The Challenge: In an effort to enhance the state’s Chesapeake Bay clean-up efforts and control pollutants flowing into waterways, the U.S. Environmental Protection Agency (EPA) and the Pennsylvania Department of the Environmental Protection (PA-DEP) have gradually implemented new stormwater regulations. PA-DEP developed a program where all operators of Municipal Separate Storm Sewer Systems (MS4s) must reduce pollution discharges from their MS4.
Pennsylvania is a large state, with 67 counties subdivided into 2,561 municipalities. Close to 1,000 municipalities have MS4s that will be regulated as of 2018, with various levels of permit requirements —ranging from complex mapping, investigating the sources of stream impairments, and stormwater modeling, to the design and installation of best management practices (BMPs) — all of which must be completed within a short window of time.
The Action: The Center for Watershed Protection has helped several counties and organizations in Pennsylvania to coordinate pollution reduction efforts.

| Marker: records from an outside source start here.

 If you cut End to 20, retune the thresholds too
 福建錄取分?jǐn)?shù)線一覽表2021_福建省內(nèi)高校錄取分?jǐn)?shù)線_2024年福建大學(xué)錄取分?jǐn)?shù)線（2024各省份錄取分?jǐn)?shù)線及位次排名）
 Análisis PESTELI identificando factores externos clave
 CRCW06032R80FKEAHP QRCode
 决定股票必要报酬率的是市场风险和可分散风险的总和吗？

In York County, the Center worked with the York County Stormwater Consortium, a coalition of 46 municipalities, to assist with regional stormwater planning. This work was initiated and funded by the Chesapeake Bay Foundation to accelerate progress in meeting local and Chesapeake Bay water quality goals.

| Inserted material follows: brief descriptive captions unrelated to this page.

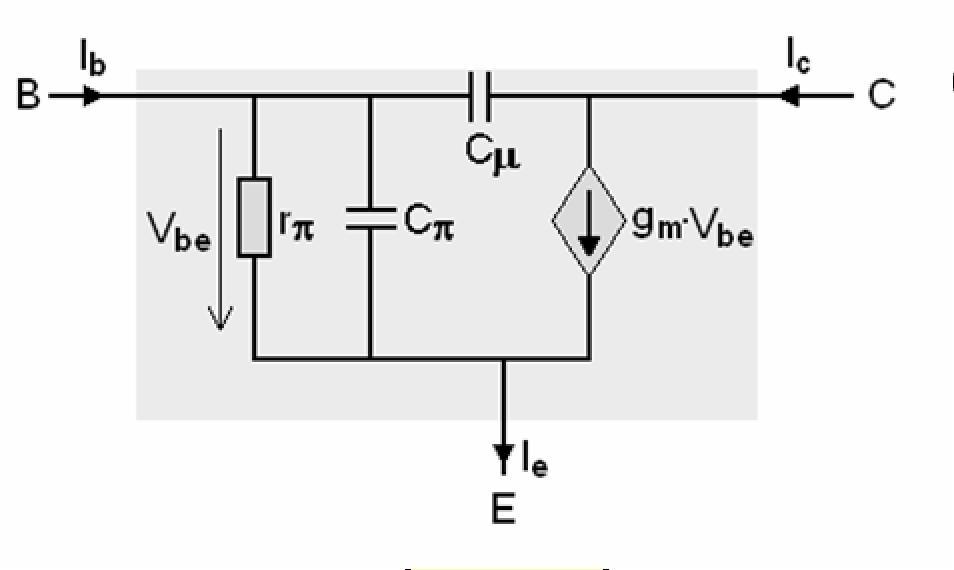 tranzistorului este mai mare, cu atât mai mult tranzistorul respectiv poate amplifica curentul în colector, pe seama unei variaţii a tensiunii bază-emitor.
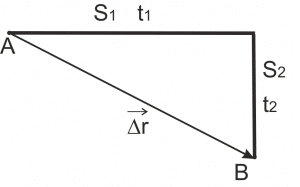 задача 5
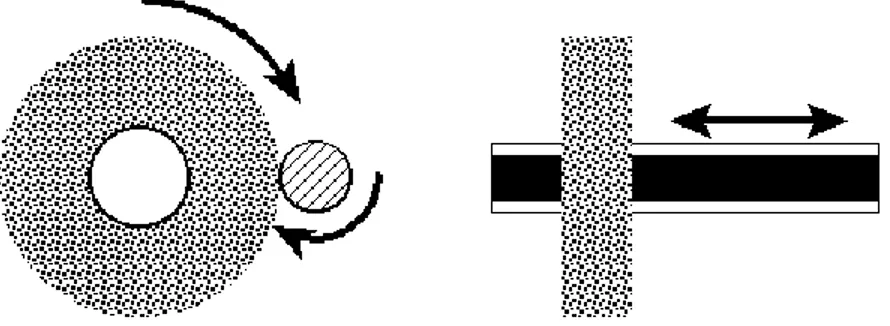 Gambar 8.7. Proses gerinda silindris dengan benda kerja berputar dan batu gerinda  bergeser ke kiri dan ke kanan 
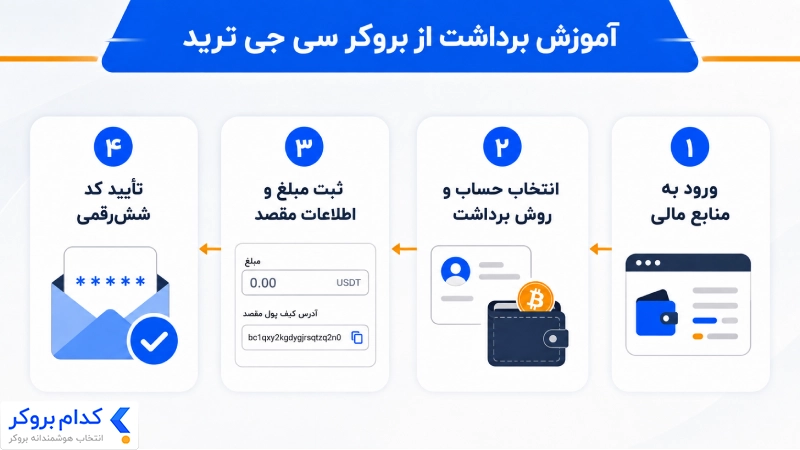 آموزش برداشت از بروکر سی جی ترید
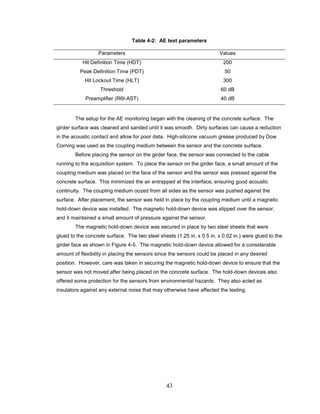 43
Table 4-2: AE test parameters
Parameters Values
Hit Definition Time (HDT) 200
Peak Definition Time (PDT) 50
Hit Lockout Time (HLT) 300
Threshold 60 dB
Preamplifier (R6I-AST) 40 dB
The setup for the AE monitoring began with the cleaning of the concrete surface. The
girder surface was cleaned and sanded until it was smooth. Dirty surfaces can cause a reduction
in the acoustic contact and allow for poor data. High-silicone vacuum grease produced by Dow
Corning was used as the coupling medium between the sensor and the concrete surface.
Before placing the sensor on the girder face, the sensor was connected to the cable
running to the acquisition system. To place the sensor on the girder face, a small amount of the
coupling medium was placed on the face of the sensor and the sensor was pressed against the
concrete surface. This minimized the air entrapped at the interface, ensuring good acoustic
continuity. The coupling medium oozed from all sides as the sensor was pushed against the
surface. After placement, the sensor was held in place by the coupling medium until a magnetic
hold-down device was installed. The magnetic hold-down device was slipped over the sensor,
and it maintained a small amount of pressure against the sensor.
The magnetic hold-down device was secured in place by two steel sheets that were
glued to the concrete surface. The two steel sheets (1.25 in. x 0.5 in. x 0.02 in.) were glued to the
girder face as shown in Figure 4-5. The magnetic hold-down device allowed for a considerable
amount of flexibility in placing the sensors since the sensors could be placed in any desired
position. However, care was taken in securing the magnetic hold-down device to ensure that the
sensor was not moved after being placed on the concrete surface. The hold-down devices also
offered some protection for the sensors from environmental hazards. They also acted as
insulators against any external noise that may otherwise have affected the testing.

Projects ranged from stream restoration to riparian forest buffers and from basin retrofits to bioswales. The County reviewed more than 70 project plans submitted by the municipalities to determine which projects would get the most “bang for their buck.”
“Our goal was efficiency,” explains Pamela Shellenberger, Chief of Long Range Planning at the York County Planning Commission. “One of our largest hurdles was narrowing down and prioritizing the projects. We wanted to implement the ones that would reduce the most pollutants for the lowest cost.”
The Center helped determine the most efficient projects by calculating pollution reduction amounts and estimating project costs. They also provided technical expertise and concept design work around stormwater BMPs and green infrastructure.
“We couldn’t have asked for anybody better to help us with the process than the Center,” says Shellenberg. “They are very technically knowledgeable, professional and passionate. The Center’s staff helped with the small details, while simultaneously shining a light on the big picture — how all the projects will work together in the long-term.”
In Berks County, the Center teamed up with Wyomissing Creek Coalition, a municipal-based group working to meet federal and state MS4 stormwater requirements. As a cold water fishery with a naturally reproducing trout population, the Creek has a special set of TMDL requirements. The Berks County project was funded by Altria Group.
The coalition officially formed in 2012: Every municipality required to have a permit within the Wyomissing Creek watershed joined. In 2015, the Center calculated the pollutant reduction value of several stormwater management best management practices (BMPs) identified in the Northridge subwatershed of the Wyomissing Creek watershed.
“I would strongly recommend the Center to other coalitions,” says Nicholas Johnson, head of the Coalition and a Project Manager at Great Valley Consultants. “They secured a sizeable grant so that we could research our big list of BMPs and start calculating sediment and nutrient load reductions associated with the various projects. Julie from the Center drove all the way up here a few weeks ago to lend a hand with a trash cleanup day. They understand that this isn’t going to be fixed in a day, but they get things done — even literally lending a hand — to work towards a successfully restored watershed.”
The Center carried out similar work in other Pennsylvania counties, including Blair County, Lebanon County and Lancaster County. They were also contracted through the PA-DEP to help with Chesapeake Bay Total Maximum Daily Load (TMDL) planning across the state and to provide statewide trainings on Chesapeake Bay and local TMDL compliance for the 2013-2018 permit cycle.
The Result: In York County alone, the Commission has already completed eight projects, which contributed to a total reduction of close to 135,000 pounds of pollutants in just two years. In Berks County, in the township of Cumru, the Coalition installed a rain barrel and infiltration facility to curb stormwater runoff at Pennwyn Playground, which is located right next to a creek. Eleven projects have been completed in Blair County. Best management practices are being implemented in municipalities across the state to improve water quality.